Zequinha, “Uma Cachaça Louca”

Nem preferido da mãe, nem preferido do pai, José Sarney Filho, o Zequinha, filho do meio, é pesado de carregar. Foi Ministro do Meio Ambiente de Fernando Henrique Cardoso, e mais nada. Seu grande feito foi transferir para o seu Maranhão, governado pela irmã, nada menos de 80 por cento das verbas de sua pasta – e Roseana achou pouco. Quando viu que não vinha mais nada, e que o irmão três anos mais moço estava fugindo dela, foi até a casa dele, pegou do jardim uma pedra e atirou-a contra a porta de vidro blindex da entrada, que se espatifou. Raivosa mesmo.

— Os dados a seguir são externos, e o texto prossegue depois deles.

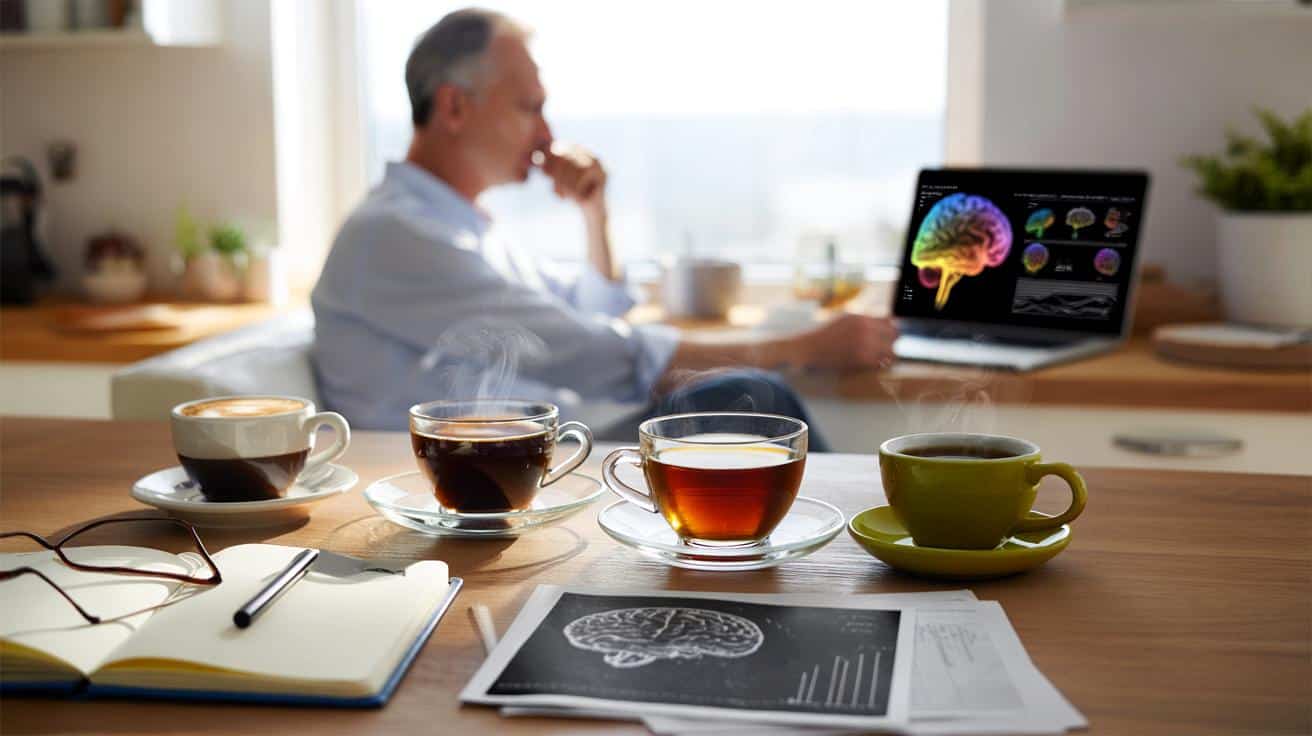 Nowe badania o porannej kawie i herbacie: ile filiżanek naprawdę służy mózgowi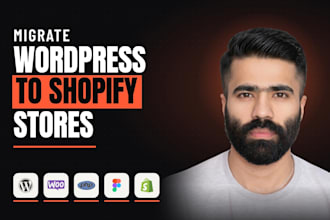 migrate wordpress to shopify with products and seo redirects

Na família, não faltaram esforços para fazer o Zequinha subir na vida. Todos conhecem a história que Aderson conta e que aconteceu no ano eleitoral de l989, famoso por eleger pelo voto direto o primeiro presidente depois da ditadura militar:

“O Zequinha deveria ser o candidato a governador na sucessão do Cafeteira em 1990. Eu era presidente da Companhia de Águas e Esgotos e o Cafeteira criou o governo itinerante. A gente saía pelo interior, vários município, praças, fazia isso e aquilo. O Cafeteira praticamente obrigava o Sarney Filho a acompanhar, mas ele, irresponsável de tudo, uma cachaça louca, tinha rejeição muito grande. Não conseguia emplacar. O pai era presidente da República, o Cafeteira governador com ele debaixo do braço, o governo todo trabalhando a favor, e a rejeição dele era de 85 por cento.”